Excerpted data Block Start

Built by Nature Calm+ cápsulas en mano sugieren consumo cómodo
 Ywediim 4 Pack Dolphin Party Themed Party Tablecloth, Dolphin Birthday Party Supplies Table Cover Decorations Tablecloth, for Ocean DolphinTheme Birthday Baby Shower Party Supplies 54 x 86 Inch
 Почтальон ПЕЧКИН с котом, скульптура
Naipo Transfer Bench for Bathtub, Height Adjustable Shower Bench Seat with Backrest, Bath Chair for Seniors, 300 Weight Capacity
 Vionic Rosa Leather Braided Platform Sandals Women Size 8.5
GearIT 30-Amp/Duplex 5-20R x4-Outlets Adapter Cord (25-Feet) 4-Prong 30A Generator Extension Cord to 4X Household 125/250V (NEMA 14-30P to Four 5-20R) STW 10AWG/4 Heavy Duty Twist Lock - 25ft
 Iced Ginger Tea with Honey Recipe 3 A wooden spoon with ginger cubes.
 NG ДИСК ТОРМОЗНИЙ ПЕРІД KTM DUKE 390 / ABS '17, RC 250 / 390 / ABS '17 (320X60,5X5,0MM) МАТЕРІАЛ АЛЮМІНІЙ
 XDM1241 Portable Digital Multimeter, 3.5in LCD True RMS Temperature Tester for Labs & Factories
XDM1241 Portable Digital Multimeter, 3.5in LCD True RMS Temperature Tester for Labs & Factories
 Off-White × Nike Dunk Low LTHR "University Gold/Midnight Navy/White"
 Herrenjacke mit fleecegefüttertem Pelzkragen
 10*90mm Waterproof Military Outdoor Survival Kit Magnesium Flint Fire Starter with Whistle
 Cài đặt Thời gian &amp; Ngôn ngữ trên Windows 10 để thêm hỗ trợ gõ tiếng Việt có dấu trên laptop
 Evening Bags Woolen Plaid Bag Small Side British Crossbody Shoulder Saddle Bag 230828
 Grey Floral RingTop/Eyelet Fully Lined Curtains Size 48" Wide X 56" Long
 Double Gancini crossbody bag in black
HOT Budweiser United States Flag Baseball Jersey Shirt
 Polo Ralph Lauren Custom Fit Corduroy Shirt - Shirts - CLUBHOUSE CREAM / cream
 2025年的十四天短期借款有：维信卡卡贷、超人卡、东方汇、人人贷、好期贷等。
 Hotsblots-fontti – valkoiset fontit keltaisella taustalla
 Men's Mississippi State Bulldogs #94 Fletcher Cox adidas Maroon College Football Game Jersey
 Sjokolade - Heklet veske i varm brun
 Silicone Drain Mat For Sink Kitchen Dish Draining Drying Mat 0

Excerpted data Block End

● Work order
Copy exactly, and only, the lines from the line that contains "Sjokolade - Heklet veske i varm brun" through the end of the data above.

● Solution to this exercise
 Sjokolade - Heklet veske i varm brun
 Silicone Drain Mat For Sink Kitchen Dish Draining Drying Mat 0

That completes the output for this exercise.